Q: You seem to have a pretty good memory of individual shows.
A: I am very keenly aware of how this band has blown up. People think things have just escalated, but it did at the worst possible time, when I was not ready to do it. It reared its head and demanded we work and perform and tour, and we weren’t ready for any of that. It was around the time of that Lee’s Palace show.
Q: So has 2010 been functionally easier?
A: Yeah, I think that’s about growing up. Coming to terms with the fact that a side-project got a lot of recognition. Everyone demanding all these things from you...and I’m talking about indie labels. We have to strike while the iron’s hot, we understand that. But we also felt like we had to grow up. We were in the limelight, everyone was paying attention to us in a gestation period. We hadn’t really learned the songs or come together as a band.
In my head (Passion Pit) was fully developed, but it takes time to live up to hype. That’s the problem with bands these days that get tons and tons of hype, but they just can’t deliver. It just happens so quickly, and you have to work really, really hard. Vampire Weekend is a great example of a band that faced a lot of adversity, but they did well. They came out with a great second record.
Q: They seemed to be fully prepared for backlash.
A: I think they really wanted it. I wasn’t sure if I really wanted it. I think they loved the hate, people talking about them. All that comes with being a buzz band, and they embraced it.
I didn’t embrace it. I took it personally, I felt like I was in high school. Bottom line is, we’ve come a really long way, and I’m really proud of the band. People can say they don’t like our music, but they can’t say we can’t perform it anymore. We’ve learned, that’s for sure.
Q: All the adversity has made you stronger, as a unit?
A: It’s at least put everything in perspective. We are extremely fortunate, with over a year into our record, and we’re still making a living doing what we love to do. And now we’re pretty good at it [laughs]. I couldn’t be more excited about the future, about the next record.
Q: What is the word on that?
A: I have a lot of personal work to do, a lot of “me time.” I need to decompress, and re-evaluate the things I need. And the band has a bunch of side-projects to take on full force. But we’ll start pre-production pretty soon. I’ve noted November 1 as when I’ll really, really start writing.

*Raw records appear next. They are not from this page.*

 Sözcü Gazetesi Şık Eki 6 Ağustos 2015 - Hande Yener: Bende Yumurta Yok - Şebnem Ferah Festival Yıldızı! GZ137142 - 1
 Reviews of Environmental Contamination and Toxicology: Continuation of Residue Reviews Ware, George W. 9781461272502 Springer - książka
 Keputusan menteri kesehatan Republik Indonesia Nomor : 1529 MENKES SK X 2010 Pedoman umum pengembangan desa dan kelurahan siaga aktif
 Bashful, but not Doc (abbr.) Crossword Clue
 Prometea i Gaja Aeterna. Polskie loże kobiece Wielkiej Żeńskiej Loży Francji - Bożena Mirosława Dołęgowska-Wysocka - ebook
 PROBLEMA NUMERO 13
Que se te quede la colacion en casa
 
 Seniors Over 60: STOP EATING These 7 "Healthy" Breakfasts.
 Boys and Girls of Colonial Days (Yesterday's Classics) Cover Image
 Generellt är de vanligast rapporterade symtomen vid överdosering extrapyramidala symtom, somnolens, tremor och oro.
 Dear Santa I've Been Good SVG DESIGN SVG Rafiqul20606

The great thing about Columbia and major labels, though you hear horror stories about major labels, is that they were really very relaxed. Manners, they came into the studio once - “Sounds great, keep doing it!”
Q: Will the studio recordings again rest mostly on your shoulders?
A: Yeah, that’s how it works. That’s how we operate.
Q: What direction do you think the new material will take, as opposed to the sound we heard on Manners?
A: It’s not going to contrast that much. It definitely will be less giddy. I’m not going to think about it too much, I just want it to be the prettiest, most gorgeous record I could make. Live, we’ve tried to see what works and what doesn’t, but unfortunately, a lot of stuff works! We could go in a bunch of different directions. It will be much longer as well. I’m just really excited to stop touring and get into the studio.
Q: I look forward to seeing where the sound can go after your debut.
A: See, to me, Manners wasn’t a debut record...
Q: You had the Chunk of Change EP out.
A: But I feel this will be the third record. I don’t have that sophomore-slump fear. I’m not scared. It’s going to be an awesome album. I’m going to love making it, and I hope everyone that loves our music loves it, and even people who didn’t like Manners.
Q: I’m sure that self-confidence will feed into the music.
A: You have to have self-confidence. People are like bees. They smell fear.